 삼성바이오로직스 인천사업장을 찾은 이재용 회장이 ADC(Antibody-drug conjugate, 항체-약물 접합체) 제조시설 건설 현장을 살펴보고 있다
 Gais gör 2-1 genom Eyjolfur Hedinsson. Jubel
————————
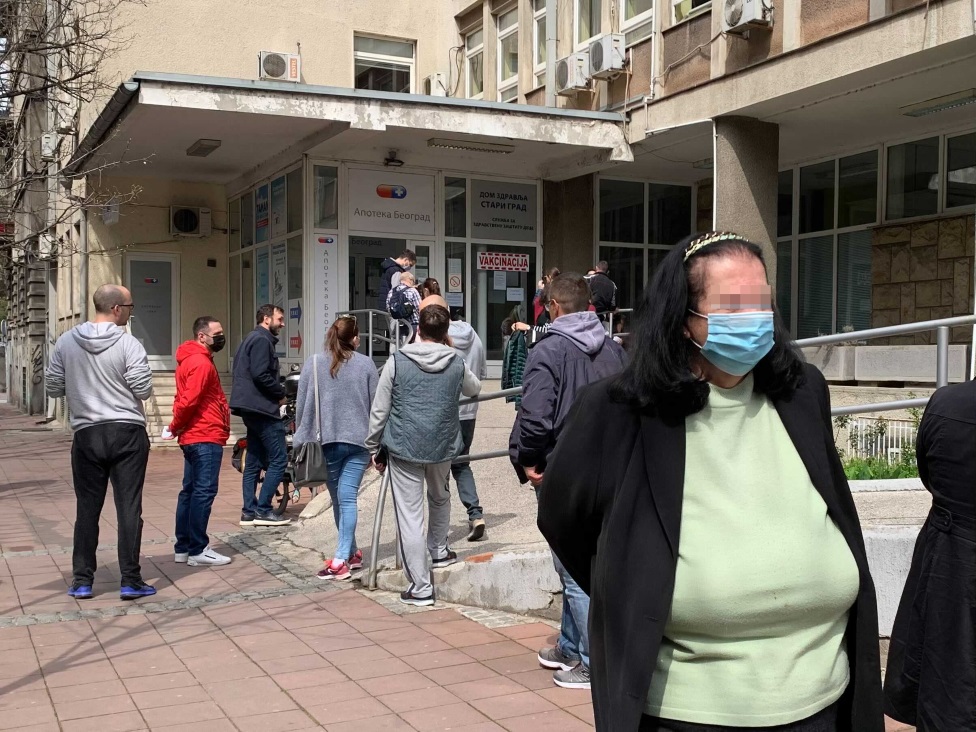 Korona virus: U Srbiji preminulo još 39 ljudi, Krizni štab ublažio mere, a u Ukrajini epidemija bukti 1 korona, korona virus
————————
=== What this task involves ===
Your answer should be the lines of the listing above between the line holding "삼성바이오로직스 인천사업장을 찾은" and the line holding "Gais gör 2-1 genom Eyjolfur Hedinsson. Jubel", inclusive, restated word for word and alone.

=== Response to this exercise ===
 삼성바이오로직스 인천사업장을 찾은 이재용 회장이 ADC(Antibody-drug conjugate, 항체-약물 접합체) 제조시설 건설 현장을 살펴보고 있다
 Gais gör 2-1 genom Eyjolfur Hedinsson. Jubel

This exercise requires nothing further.